# Exercise aim
Once the line with "Golfteken Rechthoekige Sticker" is found in the entries below, print it and each following line exactly, stopping after the line with "FEBI BILSTEIN 43826"; print nothing else.

───── Data provided

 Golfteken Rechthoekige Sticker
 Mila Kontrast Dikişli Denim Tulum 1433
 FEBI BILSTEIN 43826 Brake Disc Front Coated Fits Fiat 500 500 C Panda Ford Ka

──────────
───── Data provided

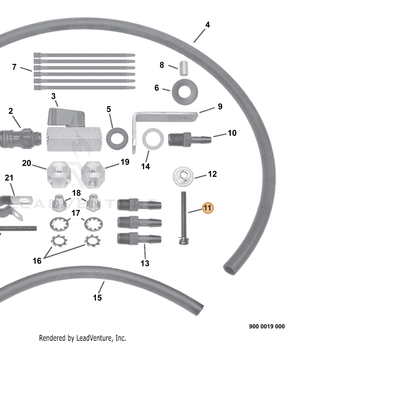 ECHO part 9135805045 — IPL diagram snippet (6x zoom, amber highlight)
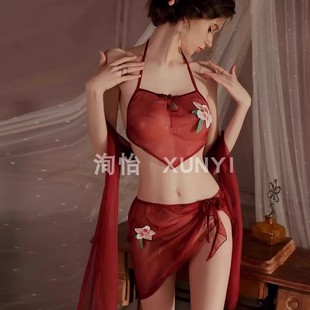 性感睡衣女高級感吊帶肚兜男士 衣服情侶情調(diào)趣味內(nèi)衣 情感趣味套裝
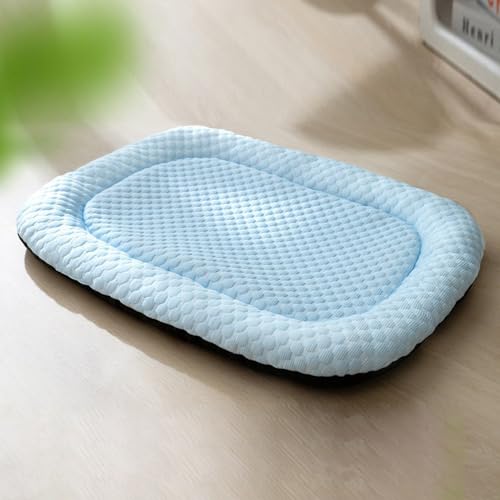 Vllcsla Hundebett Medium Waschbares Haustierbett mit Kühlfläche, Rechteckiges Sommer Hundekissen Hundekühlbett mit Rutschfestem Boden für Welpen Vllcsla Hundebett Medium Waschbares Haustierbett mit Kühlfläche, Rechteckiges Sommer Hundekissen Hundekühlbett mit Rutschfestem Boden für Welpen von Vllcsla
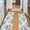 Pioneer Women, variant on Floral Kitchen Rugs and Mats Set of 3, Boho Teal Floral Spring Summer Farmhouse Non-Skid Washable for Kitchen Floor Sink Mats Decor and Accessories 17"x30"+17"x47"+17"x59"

──────────

# Solution to this task
 Golfteken Rechthoekige Sticker
 Mila Kontrast Dikişli Denim Tulum 1433
 FEBI BILSTEIN 43826 Brake Disc Front Coated Fits Fiat 500 500 C Panda Ford Ka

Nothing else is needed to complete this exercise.